You can install Knet using Pkg.add("Knet"). Some of the examples use additional packages such as ArgParse, GZip, and JLD. These are not required by Knet and can be installed when needed using additional Pkg.add() commands. See the detailed installation instructions as well as the section on using Amazon AWS to experiment with GPU machines on the cloud with pre-installed Knet images.


In Knet, a machine learning model is defined using plain Julia code. A typical model consists of a prediction and a loss function. The prediction function takes model parameters and some input, returns the prediction of the model for that input. The loss function measures how bad the prediction is with respect to some desired output. We train a model by adjusting its parameters to reduce the loss. In this section we will see the prediction, loss, and training functions for five models: linear regression, softmax classification, fully-connected, convolutional and recurrent neural networks.

Linear regression

Here is the prediction function and the corresponding quadratic loss function for a simple linear regression model:

predict(w,x) = w[1]*x .+ w[2]

loss(w,x,y) = sumabs2(y - predict(w,x)) / size(y,2)
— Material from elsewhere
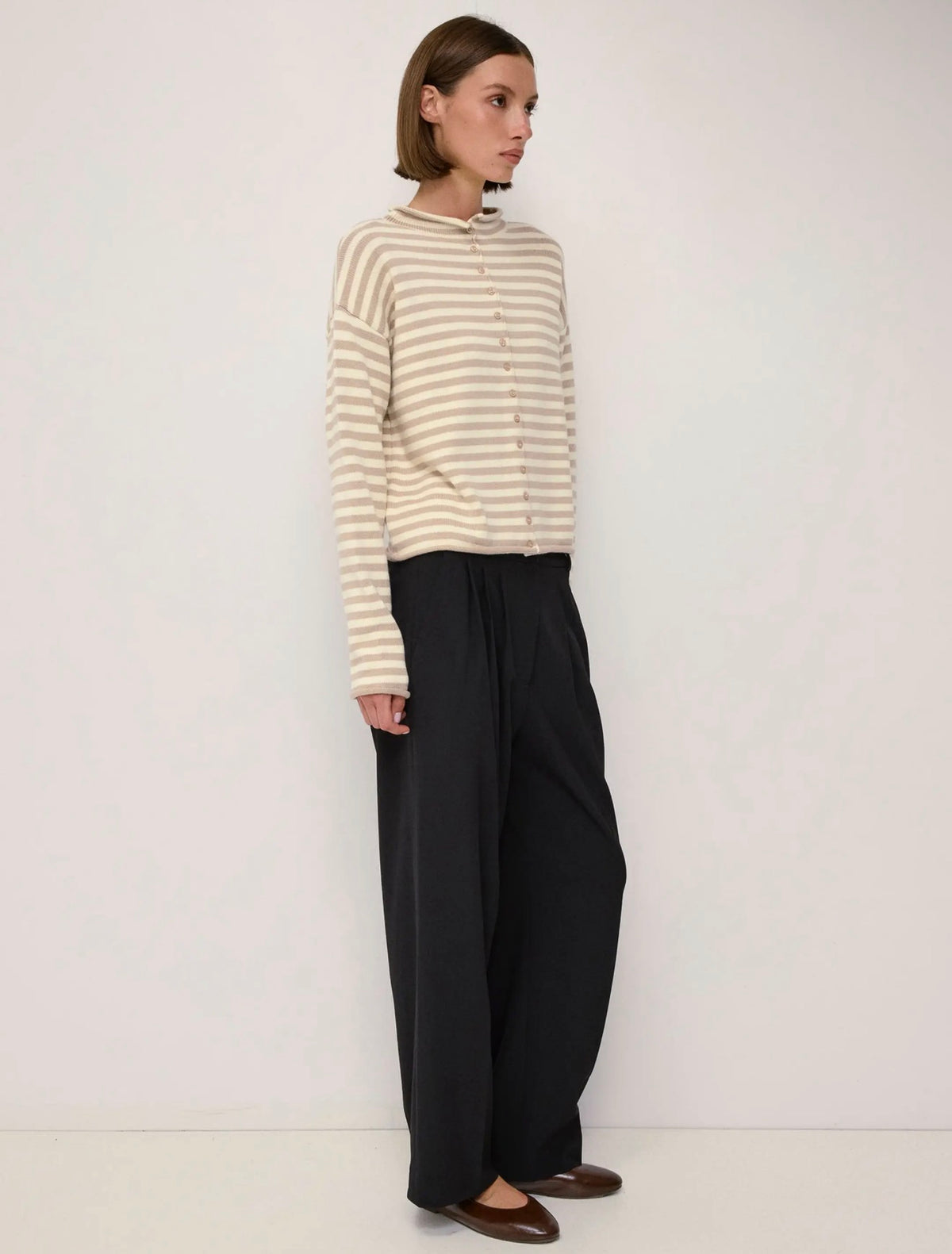 The Romilly Striped Cardigan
The variable w is a list of parameters (it could be a Tuple, Array, or Dict), x is the input and y is the desired output. To train this model, we want to adjust its parameters to reduce the loss on given training examples. The direction in the parameter space in which the loss reduction is maximum is given by the negative gradient of the loss. Knet uses the higher-order function grad from AutoGrad.jl to compute the gradient direction:

using Knet

lossgradient = grad(loss)

Note that grad is a higher-order function that takes and returns other functions. The lossgradient function takes the same arguments as loss, e.g. dw = lossgradient(w,x,y). Instead of returning a loss value, lossgradient returns dw, the gradient of the loss with respect to its first argument w. The type and size of dw is identical to w, each entry in dw gives the derivative of the loss with respect to the corresponding entry in w. See @doc grad for more information.
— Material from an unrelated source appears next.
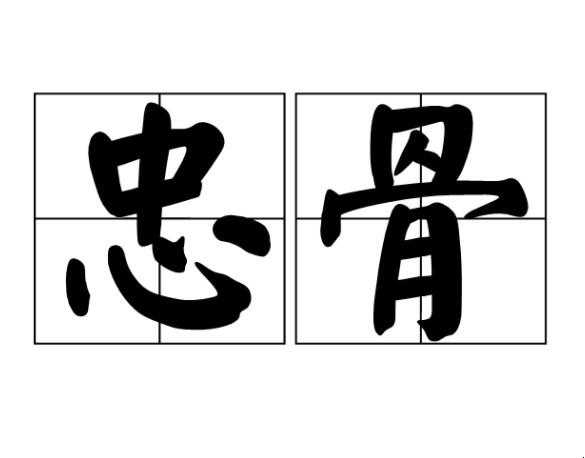 忠骨的意思是什么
Given some training data = [(x1,y1),(x2,y2),...], here is how we can train this model:

function train(w, data; lr=.1)
    for (x,y) in data
        dw = lossgradient(w, x, y)
        for i in 1:length(w)
            w[i] -= lr * dw[i]
    return w

We simply iterate over the input-output pairs in data, calculate the lossgradient for each example, and move the parameters in the negative gradient direction with a step size determined by the learning rate lr.


Let’s train this model on the Housing dataset from the UCI Machine Learning Repository.

julia> url = "https://archive.ics.uci.edu/ml/machine-learning-databases/housing/housing.data"
julia> rawdata = readdlm(download(url))
julia> x = rawdata[:,1:13]'
julia> x = (x .- mean(x,2)) ./ std(x,2)
julia> y = rawdata[:,14:14]'
julia> w = Any[ 0.1*randn(1,13), 0 ]
julia> for i=1:10; train(w, [(x,y)]); println(loss(w,x,y)); end

The dataset has housing related information for 506 neighborhoods in Boston from 1978. Each neighborhood is represented using 13 attributes such as crime rate or distance to employment centers. The goal is to predict the median value of the houses given in $1000’s. After downloading, splitting and normalizing the data, we initialize the parameters randomly and take 10 steps in the negative gradient direction. We can see the loss dropping from 366.0 to 29.6. See housing.jl for more information on this example.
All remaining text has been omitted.